Les trois impératifs de votre incubateur interne

Une des approches très employées en ce moment par les grandes entreprises ayant besoin d’améliorer leur capacité d’innovation est la création d’incubateurs internes et autres usines à startups. Cette création se fait rarement sans douleur. Mais quelles que soient les les difficultés, il me semble que ces incubateurs doivent répondre à trois impératifs: Un impératif « tactique », assurer la réussite des projets entrepreneuriaux, et deux impératifs plus « stratégiques » : Faire en sorte que ces projets amènent le groupe sur de vrais marchés nouveaux capables de prendre le relais d’activités potentiellement en déclin, et faire en sorte que ces projets permettent à l’entreprise de se transformer

Assurer la réussite des projets entrepreneuriaux

C’est évidemment la mission de base de l’usine à startups. Elle incube des projets, généralement issus de l’intérieur de l’organisation, que ces projets soient initiés par des collaborateurs ou par la direction. L’enjeu ici va être double: d’une part, il faut soutenir ces projets pour qu’ils aboutissent, c’est la mission la plus évidente et officielle. Cela passe par une activité d’accompagnement, de staffing, de financement bien-sûr, de mise en relation, ou encore de formation car souvent les cadres qui prennent ces projets n’ont aucune expérience entrepreneuriale.

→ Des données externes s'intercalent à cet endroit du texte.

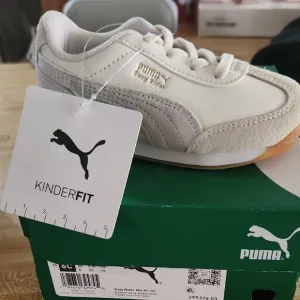 PUMA Kids Easy Rider Sneakers - White and Tan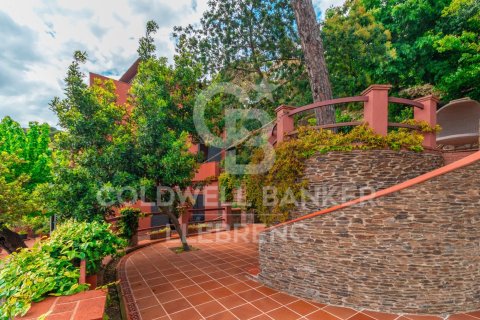 House zum Verkauf in Barcelona, Spanien 4 Schlafzimmer, 210 m2 Nr. 158635 - Foto 13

D’autre part, il faut protéger ces projets contre les méfaits, voire l’hostilité de l’organisation existante. On le sait, un projet en rupture nécessite un modèle d’affaire différent du modèle de l’activité actuelle de l’entreprise, les deux ne sont pas compatibles et il y a donc un conflit qu’il faut gérer pratiquement au quotidien, notamment au niveau de l’allocation de ressources (financières, humaines et matérielles). Protéger le projet signifie se battre pour qu’il obtienne les ressources nécessaires, pour que les décisions dont il dépend soient prises rapidement (au sens startup, pas du point de vue de l’organisation qui s’enorgueillit souvent de ne mettre que six mois à trancher une question fiscale) et dévier les milliers de petites flèches que décochent les fonctions dites « support » à un projet qu’elles voient comme une distraction coûteuse, voire un caprice de la direction auquel il faut mettre fin par tous les moyens. Protéger le projet, c’est aussi faire admettre qu’un projet entrepreneurial ne se gère pas comme un projet mature, qu’il n’a pas les mêmes horizons de temps ni les mêmes critères de performance, et qu’il ne peut être géré par les mêmes personnes. C’est, enfin, faire admettre qu’il peut marcher sur les plates bandes des activités actuelles et qu’il faut accepter les conflits. L’objectif est donc ici de créer un portefeuille de projets équilibré, gérés de manières ad-hoc, en faisant rentrer puis progresser de nouveaux projets sans arrêt.

Faire en sorte que ces projets amènent le groupe sur de vrais marchés nouveaux capables de prendre le relais d’activités potentiellement en déclin

Ce deuxième impératif n’est pas évident, mais il est important parce que la réussite du premier – créer un flux de nouvelles activités – ne garantit en rien que ces projets positionneront l’entreprise sur des marchés vraiment disruptifs, c’est à dire sur les vraies sources de croissance de demain. Une réussite en termes de projets peut payer en termes tactiques, c’est à dire de chiffre d’affaires, mais laisser l’entreprise fort dépourvue au niveau stratégique. C’est pour cela qu’il est indispensable que la direction générale reste impliquée dans l’incubateur, qu’elle ne se contente pas de lui déléguer la mission de générer des startups. Au contraire, l’incubateur doit être étroitement associé à la réflexion stratégique de l’entreprise, et notamment de l’analyse des ruptures, et être force de proposition, via de nouveaux projets, pour les réponses à y apporter.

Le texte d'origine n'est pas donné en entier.